• _RECORDS SUPPLIED_
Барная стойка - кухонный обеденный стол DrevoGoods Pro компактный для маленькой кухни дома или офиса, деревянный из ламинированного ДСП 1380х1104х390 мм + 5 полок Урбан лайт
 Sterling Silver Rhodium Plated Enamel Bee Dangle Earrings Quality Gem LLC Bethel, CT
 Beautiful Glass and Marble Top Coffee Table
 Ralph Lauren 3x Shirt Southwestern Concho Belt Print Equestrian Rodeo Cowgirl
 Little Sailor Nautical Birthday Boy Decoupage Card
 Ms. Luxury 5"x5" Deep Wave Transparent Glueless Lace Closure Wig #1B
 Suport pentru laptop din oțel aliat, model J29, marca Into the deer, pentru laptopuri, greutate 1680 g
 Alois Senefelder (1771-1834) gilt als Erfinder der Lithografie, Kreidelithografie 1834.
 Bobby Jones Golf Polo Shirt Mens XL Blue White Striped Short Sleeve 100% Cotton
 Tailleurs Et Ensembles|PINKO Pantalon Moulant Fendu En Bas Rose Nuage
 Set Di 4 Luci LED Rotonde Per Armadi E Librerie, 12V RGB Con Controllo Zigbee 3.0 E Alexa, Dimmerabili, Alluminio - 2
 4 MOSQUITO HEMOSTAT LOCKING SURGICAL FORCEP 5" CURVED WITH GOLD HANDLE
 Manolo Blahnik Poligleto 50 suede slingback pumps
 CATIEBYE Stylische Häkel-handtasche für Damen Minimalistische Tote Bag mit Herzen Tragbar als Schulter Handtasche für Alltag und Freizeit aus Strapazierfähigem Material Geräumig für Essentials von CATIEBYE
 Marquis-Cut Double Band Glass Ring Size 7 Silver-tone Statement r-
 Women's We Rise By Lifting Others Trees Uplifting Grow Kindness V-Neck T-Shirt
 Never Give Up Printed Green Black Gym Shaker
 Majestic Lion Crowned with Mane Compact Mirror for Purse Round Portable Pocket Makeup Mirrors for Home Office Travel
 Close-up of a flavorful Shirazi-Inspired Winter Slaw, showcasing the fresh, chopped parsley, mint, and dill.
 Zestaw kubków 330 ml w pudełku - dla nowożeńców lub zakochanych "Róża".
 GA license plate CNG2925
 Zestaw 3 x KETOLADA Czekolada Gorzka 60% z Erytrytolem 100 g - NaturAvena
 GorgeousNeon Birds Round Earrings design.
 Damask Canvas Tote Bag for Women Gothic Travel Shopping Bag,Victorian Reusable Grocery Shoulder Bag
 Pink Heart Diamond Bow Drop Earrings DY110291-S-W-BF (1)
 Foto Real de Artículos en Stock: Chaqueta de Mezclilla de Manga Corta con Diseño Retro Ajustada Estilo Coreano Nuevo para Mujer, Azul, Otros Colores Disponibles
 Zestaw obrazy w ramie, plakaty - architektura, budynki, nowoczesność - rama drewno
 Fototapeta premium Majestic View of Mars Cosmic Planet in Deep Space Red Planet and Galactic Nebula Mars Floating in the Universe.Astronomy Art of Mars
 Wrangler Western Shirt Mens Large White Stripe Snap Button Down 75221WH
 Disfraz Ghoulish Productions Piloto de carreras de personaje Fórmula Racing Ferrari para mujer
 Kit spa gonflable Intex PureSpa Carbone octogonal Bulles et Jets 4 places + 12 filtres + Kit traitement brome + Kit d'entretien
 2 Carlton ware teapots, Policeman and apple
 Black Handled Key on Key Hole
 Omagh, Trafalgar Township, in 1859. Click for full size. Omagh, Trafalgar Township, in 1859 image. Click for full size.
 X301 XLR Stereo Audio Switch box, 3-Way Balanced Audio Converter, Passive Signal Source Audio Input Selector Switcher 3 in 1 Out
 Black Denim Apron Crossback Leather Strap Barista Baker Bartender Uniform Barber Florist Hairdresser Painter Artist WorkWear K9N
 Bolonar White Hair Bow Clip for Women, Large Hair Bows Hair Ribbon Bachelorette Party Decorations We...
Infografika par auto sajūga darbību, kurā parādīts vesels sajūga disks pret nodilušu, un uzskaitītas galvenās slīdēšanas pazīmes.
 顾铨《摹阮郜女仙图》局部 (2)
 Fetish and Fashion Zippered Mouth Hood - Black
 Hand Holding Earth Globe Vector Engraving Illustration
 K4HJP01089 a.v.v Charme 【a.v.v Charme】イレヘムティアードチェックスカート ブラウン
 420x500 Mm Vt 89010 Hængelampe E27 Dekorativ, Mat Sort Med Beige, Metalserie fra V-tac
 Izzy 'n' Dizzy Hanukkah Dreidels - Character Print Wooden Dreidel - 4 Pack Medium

• _DIRECTIONS FOR THIS TASK_
In full and exactly as written, repeat the data.

• _SOLVED EXERCISE_
Барная стойка - кухонный обеденный стол DrevoGoods Pro компактный для маленькой кухни дома или офиса, деревянный из ламинированного ДСП 1380х1104х390 мм + 5 полок Урбан лайт
 Sterling Silver Rhodium Plated Enamel Bee Dangle Earrings Quality Gem LLC Bethel, CT
 Beautiful Glass and Marble Top Coffee Table
 Ralph Lauren 3x Shirt Southwestern Concho Belt Print Equestrian Rodeo Cowgirl
 Little Sailor Nautical Birthday Boy Decoupage Card
 Ms. Luxury 5"x5" Deep Wave Transparent Glueless Lace Closure Wig #1B
 Suport pentru laptop din oțel aliat, model J29, marca Into the deer, pentru laptopuri, greutate 1680 g
 Alois Senefelder (1771-1834) gilt als Erfinder der Lithografie, Kreidelithografie 1834.
 Bobby Jones Golf Polo Shirt Mens XL Blue White Striped Short Sleeve 100% Cotton
 Tailleurs Et Ensembles|PINKO Pantalon Moulant Fendu En Bas Rose Nuage
 Set Di 4 Luci LED Rotonde Per Armadi E Librerie, 12V RGB Con Controllo Zigbee 3.0 E Alexa, Dimmerabili, Alluminio - 2
 4 MOSQUITO HEMOSTAT LOCKING SURGICAL FORCEP 5" CURVED WITH GOLD HANDLE
 Manolo Blahnik Poligleto 50 suede slingback pumps
 CATIEBYE Stylische Häkel-handtasche für Damen Minimalistische Tote Bag mit Herzen Tragbar als Schulter Handtasche für Alltag und Freizeit aus Strapazierfähigem Material Geräumig für Essentials von CATIEBYE
 Marquis-Cut Double Band Glass Ring Size 7 Silver-tone Statement r-
 Women's We Rise By Lifting Others Trees Uplifting Grow Kindness V-Neck T-Shirt
 Never Give Up Printed Green Black Gym Shaker
 Majestic Lion Crowned with Mane Compact Mirror for Purse Round Portable Pocket Makeup Mirrors for Home Office Travel
 Close-up of a flavorful Shirazi-Inspired Winter Slaw, showcasing the fresh, chopped parsley, mint, and dill.
 Zestaw kubków 330 ml w pudełku - dla nowożeńców lub zakochanych "Róża".
 GA license plate CNG2925
 Zestaw 3 x KETOLADA Czekolada Gorzka 60% z Erytrytolem 100 g - NaturAvena
 GorgeousNeon Birds Round Earrings design.
 Damask Canvas Tote Bag for Women Gothic Travel Shopping Bag,Victorian Reusable Grocery Shoulder Bag
 Pink Heart Diamond Bow Drop Earrings DY110291-S-W-BF (1)
 Foto Real de Artículos en Stock: Chaqueta de Mezclilla de Manga Corta con Diseño Retro Ajustada Estilo Coreano Nuevo para Mujer, Azul, Otros Colores Disponibles
 Zestaw obrazy w ramie, plakaty - architektura, budynki, nowoczesność - rama drewno
 Fototapeta premium Majestic View of Mars Cosmic Planet in Deep Space Red Planet and Galactic Nebula Mars Floating in the Universe.Astronomy Art of Mars
 Wrangler Western Shirt Mens Large White Stripe Snap Button Down 75221WH
 Disfraz Ghoulish Productions Piloto de carreras de personaje Fórmula Racing Ferrari para mujer
 Kit spa gonflable Intex PureSpa Carbone octogonal Bulles et Jets 4 places + 12 filtres + Kit traitement brome + Kit d'entretien
 2 Carlton ware teapots, Policeman and apple
 Black Handled Key on Key Hole
 Omagh, Trafalgar Township, in 1859. Click for full size. Omagh, Trafalgar Township, in 1859 image. Click for full size.
 X301 XLR Stereo Audio Switch box, 3-Way Balanced Audio Converter, Passive Signal Source Audio Input Selector Switcher 3 in 1 Out
 Black Denim Apron Crossback Leather Strap Barista Baker Bartender Uniform Barber Florist Hairdresser Painter Artist WorkWear K9N
 Bolonar White Hair Bow Clip for Women, Large Hair Bows Hair Ribbon Bachelorette Party Decorations We...
Infografika par auto sajūga darbību, kurā parādīts vesels sajūga disks pret nodilušu, un uzskaitītas galvenās slīdēšanas pazīmes.
 顾铨《摹阮郜女仙图》局部 (2)
 Fetish and Fashion Zippered Mouth Hood - Black
 Hand Holding Earth Globe Vector Engraving Illustration
 K4HJP01089 a.v.v Charme 【a.v.v Charme】イレヘムティアードチェックスカート ブラウン
 420x500 Mm Vt 89010 Hængelampe E27 Dekorativ, Mat Sort Med Beige, Metalserie fra V-tac
 Izzy 'n' Dizzy Hanukkah Dreidels - Character Print Wooden Dreidel - 4 Pack Medium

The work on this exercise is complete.